Professore e alunna si amano, scoperti lui si uccide

Prima l’incontro con la vicepreside davanti alla classe, la chiamata della preside e l’addio alla scuola. Poi la corsa a casa, la ricerca di una corda. Leonardo si è impiccato. Non si sta raccontando la storia di una tragedia adolescenziale, ma un’altra brutta storia che coinvolge un professore ed un’alunna. Leonardo Pasqualetto, professore veneziano, si è tolto la vita lo scorso 10 novembre. Amava la sua studentessa di sedici anni. Ed era ricambiato. Questa loro relazione però lo ha portato fino al suicidio. Quel giorno arrivò a scuola in ritardo e in aula incontrò quello che era diventato il suo più grande timore. Vicepreside e alunni da una parte, la studentessa amata dall’altra. E lui accusato. Da giorni, forse da settimane, nei corridoi della scuola si parlava di quella loro relazione che era ormai diventata chiacchierata e motivo di battutine e sorrisetti. La giovane aveva confessato tutto a un’amica che a sua volta lo aveva detto alla mamma. E da lì scoppiò il caso, tanto che gli studenti esultarono per averlo fatto mandare via.

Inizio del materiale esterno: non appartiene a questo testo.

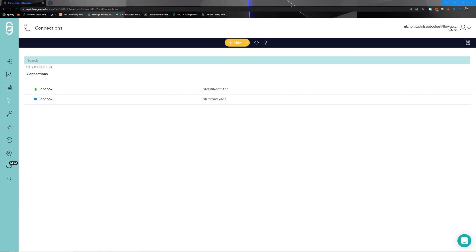Good day everyone, welcome to one of our bite-sized videos, the purpose of which is to bring the integrator up to speed with some of the basic concepts surrounding the Flowgear integration experience, as well as take a brief dive into one of our popular use cases. We're going to start by exploring the screen in front of you.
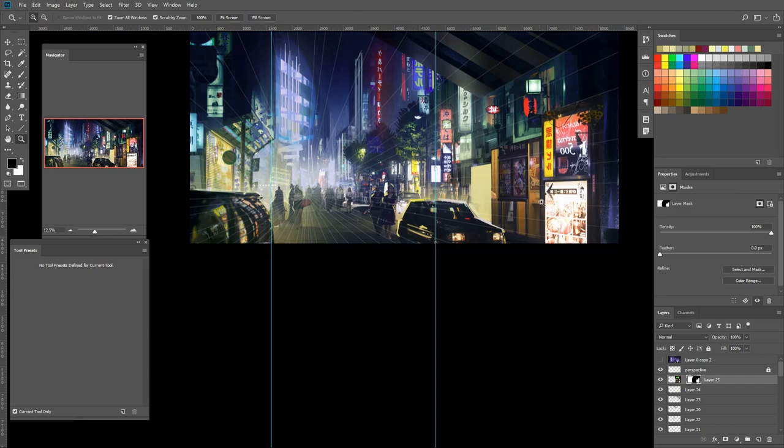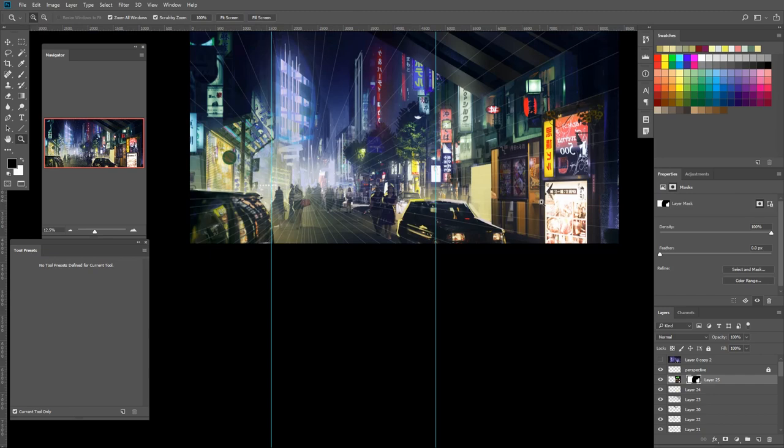We'll also be covering the use of hue saturation and color balancing tools, adjustment layers, and some advanced techniques on masking.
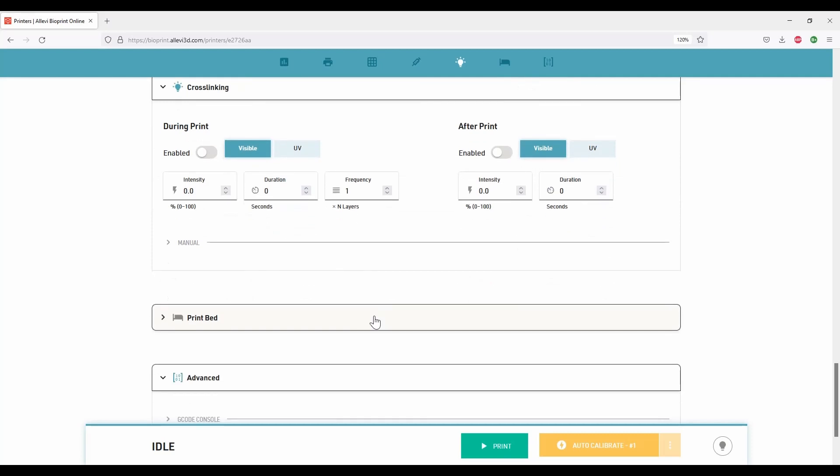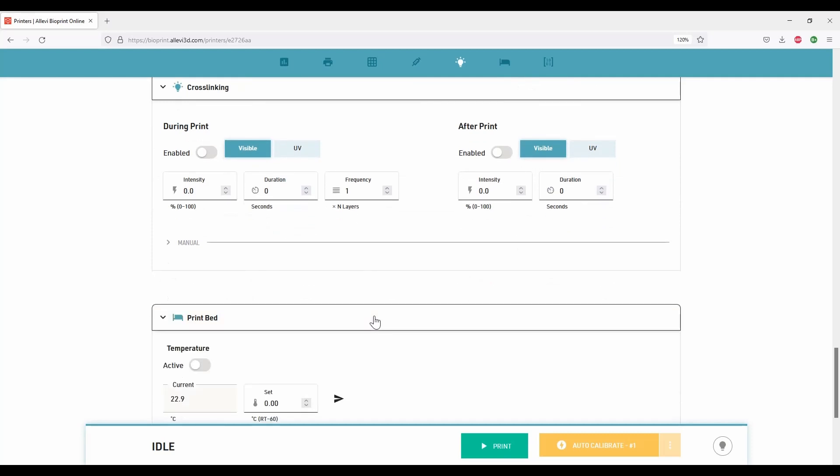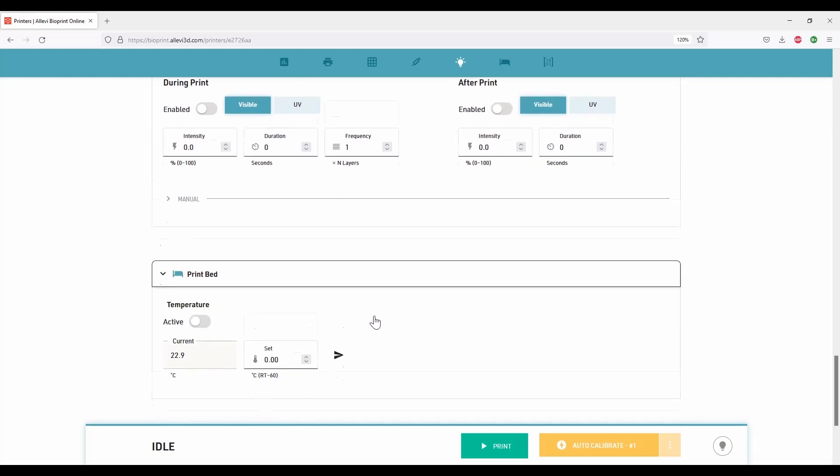Next section is the print bed. The print bed can be heated from room temperature up to 60 degrees Celsius. Toggle the bed temperature to active, enter the desired temperature under set, and click the green icon.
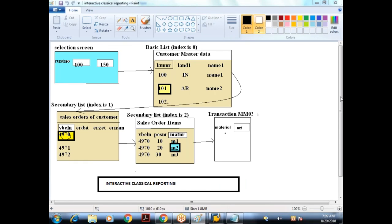I'm going slowly today because some of you sent emails — it seems some of you are not practicing. Please practice from the beginning. If you directly practice a particular concept without knowing the previous concepts, you won't understand. Refer to the recording sessions, which I'm sharing on a daily basis. If you are not strong in basics, you cannot become perfect in other modules.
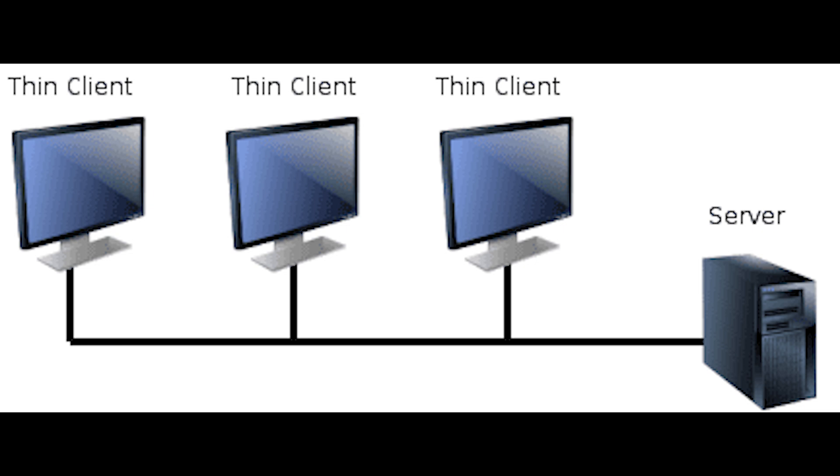There are three ways a Thin Client can be used: shared services, desktop virtualization, or browser-based.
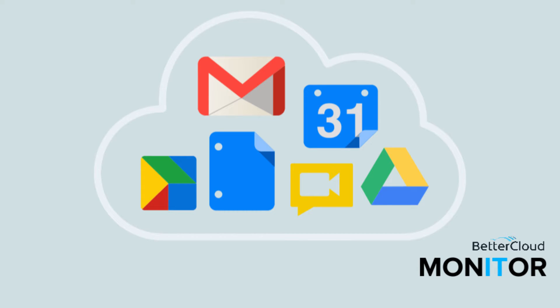Hello! Today we're going to go over the use of a very helpful button in Google Apps that you may not be aware of.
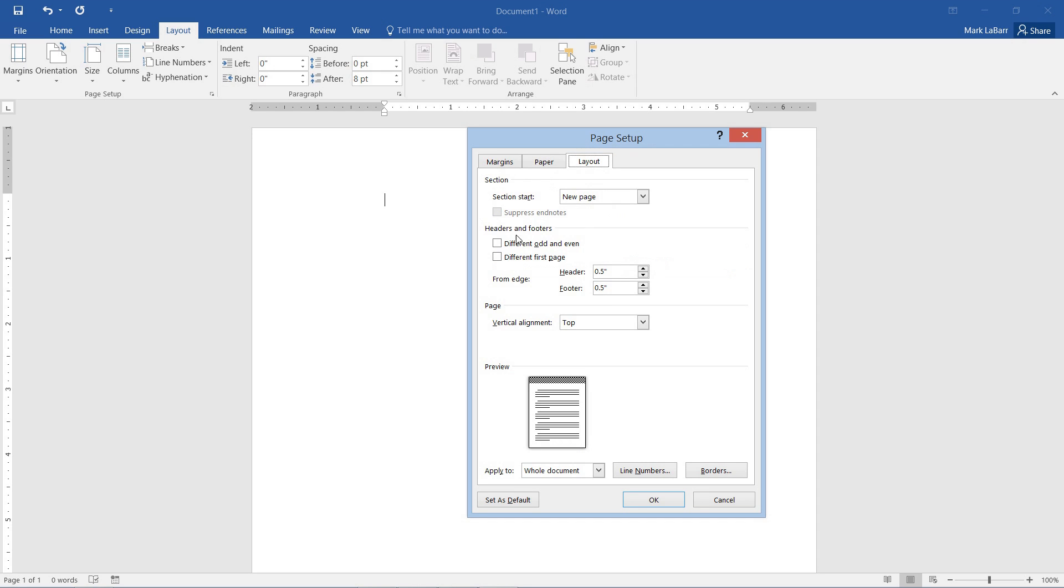And here we can change the margins of our header and footer. I can just show a quick demonstration of that. If I wanted a really large header, or a really large footer. So all this can be changed in the page setup.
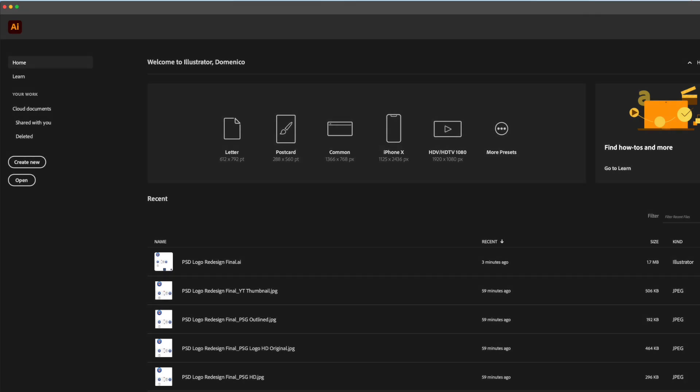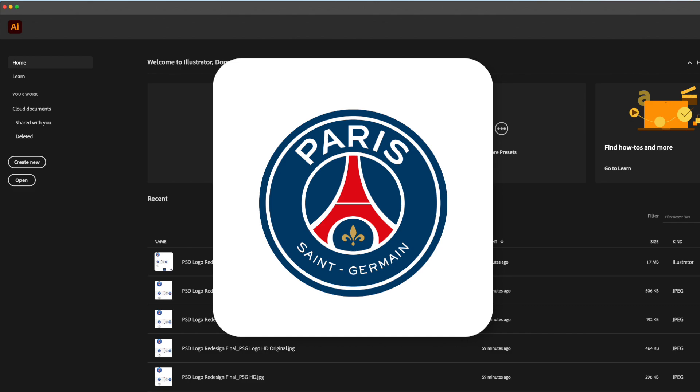Hey YouTube, what's up? DomDesigns here and welcome back to my channel. Today's video will be a fun and relaxing one. We won't be doing any tutorials today. With so much news surrounding the PSG Soccer Club with Lionel Messi joining the squad, I decided to redesign the PSG Soccer Club logo.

“Per lui insegnare era tutto”, dice ora Pierluigi Pasqualetto, il papà di Leonardo, al Corriere del Veneto. Racconta che ogni giorno pubblica su Facebook un lungo testo in cui racconta la storia di suo figlio. Ogni dieci del mese Pierluigi va davanti alla scuola, con una cartellina trasparente piena di foto del figlio. E ne consegna una a chiunque, studenti o genitori, mettendo la firma su un blocknotes che ogni volta porta con sè: «E’ un modo per ricordarlo e onorarlo». Quel 10 novembre si è svolto tutto in pochi minuti. «Mio figlio è morto sul lavoro», grida Pierluigi Pasqualetto, che da allora ha cercato di fare di tutto per capire la verità. «La scuola lo ha trattato come un delinquente comune», dice Pierluigi. «E nessuno lo ha difeso». Ha inviato cinque querele in procura, tre per istigazione al suicidio.